The result in this case will lead invariably to more and more, costly, and aggressive pre-trial litigation strategies where the adversaries will be required to spend thousands of hours on the interstitial spaces that are not relevant when asked and become relevant only when the law of the circuit is reversed.
Therefore, I disagree that EEOC waived its opportunity to produce evidence regarding subterfuge. Fairness to the parties dictates that the matter be remanded to the district court to give both sides an opportunity to put on evidence, in view of the new ADEA landscape under Betts, about the actual effect of the 1979 LIB plan on the workforce in the affected plants, and Westinghouse’s motivations for adopting these plans.2 It cannot be disputed that this litigation has consumed too many years and too many dollars. I recognize that the remand I suggest here would lengthen an already protracted case. But we must never forget that we are deciding matters of great economic importance to the individual victims who suffered an injury for which they are now never to be recompensed. It is my opinion that they should not suffer because judges change the rules of the game in the third quarter. Thus, I dissent.

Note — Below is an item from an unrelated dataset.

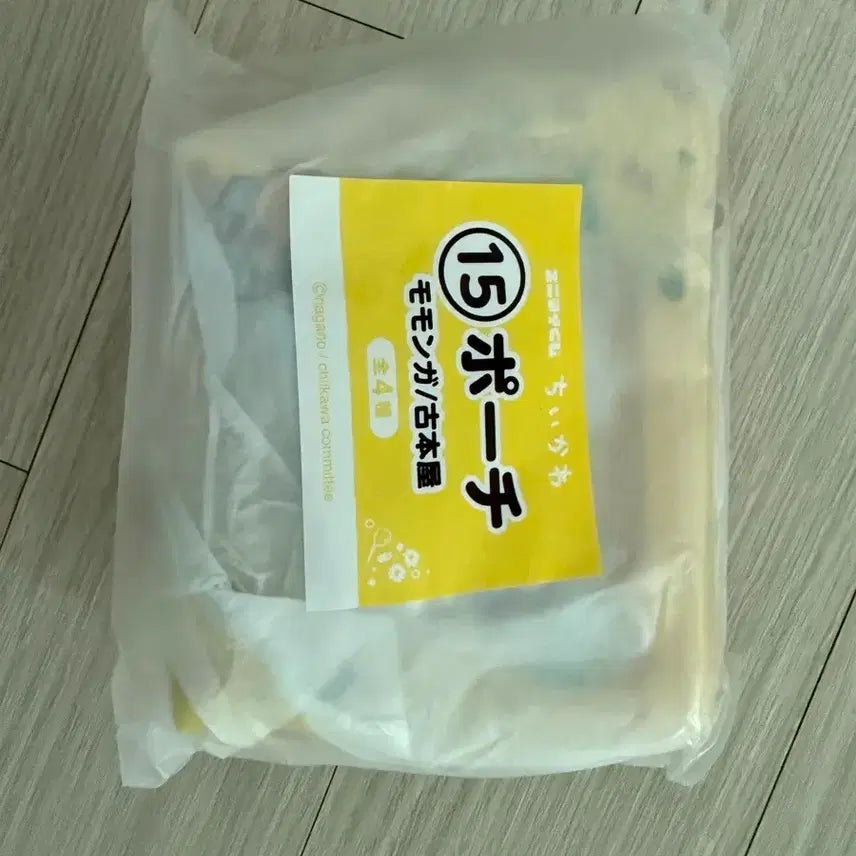 [BUNJANG] Chiikawa Summer Lottery Pouch - Momonga &amp; Kani / 치이카와 여름쿠지 애니마이쿠지 파우치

. In establishing a § 4(f)(2) defense, a company had to demonstrate the existence of three elements: (1) the company must have been observing the terms; (2) of a bona fide retirement plan; (3) which is not a subterfuge to evade the purposes of the ADEA. EEOC v. Westinghouse Electric Corp., 725 F.2d 211, 223 (3d Cir.), cert. denied 469 U.S. 820, 105 S.Ct. 92, 83 L.Ed.2d 38 (1984); Smart v. Porter Paint Co., 630 F.2d 490, 493 (7th Cir.1980); Gonsalves v. Caterpillar Tractor Co., 634 F.2d 1065, 1066 (7th Cir.1980), cert. denied 451 U.S. 920, 101 S.Ct. 1999, 68 L.Ed.2d 312 (1981); EEOC v. Baltimore & O.R. Co., 632 F.2d 1107, 1110 (4th Cir.1980), cert. denied 454 U.S. 825, 102 S.Ct. 113, 70 L.Ed.2d 98 (1981).
. The majority opinion acknowledges that Congress has recently amended the ADEA in light of Betts. Specifically, the Older Workers Benefit Protection Act, amended the ADEA to reimpose the burden on the employer to offer cost justifications for age-based employment decisions. Public Law 101-433 provides, in part:
The Congress finds that, as a result of the decision of the Supreme Court in Public Employees Retirement System of Ohio v. Betts, 492 U.S. 158, 109 S.Ct. 2584, 106 L.Ed.2d 134 (1989), legislative action is necessary to restore the original congressional intent in passing and amending the Age Discrimination in Employment Act of 1967 (29 U.S.C. 621 et seq), which was to prohibit discrimination against older workers in all employee benefits except when age-based reductions in employee benefit plans are justified by significant cost considerations.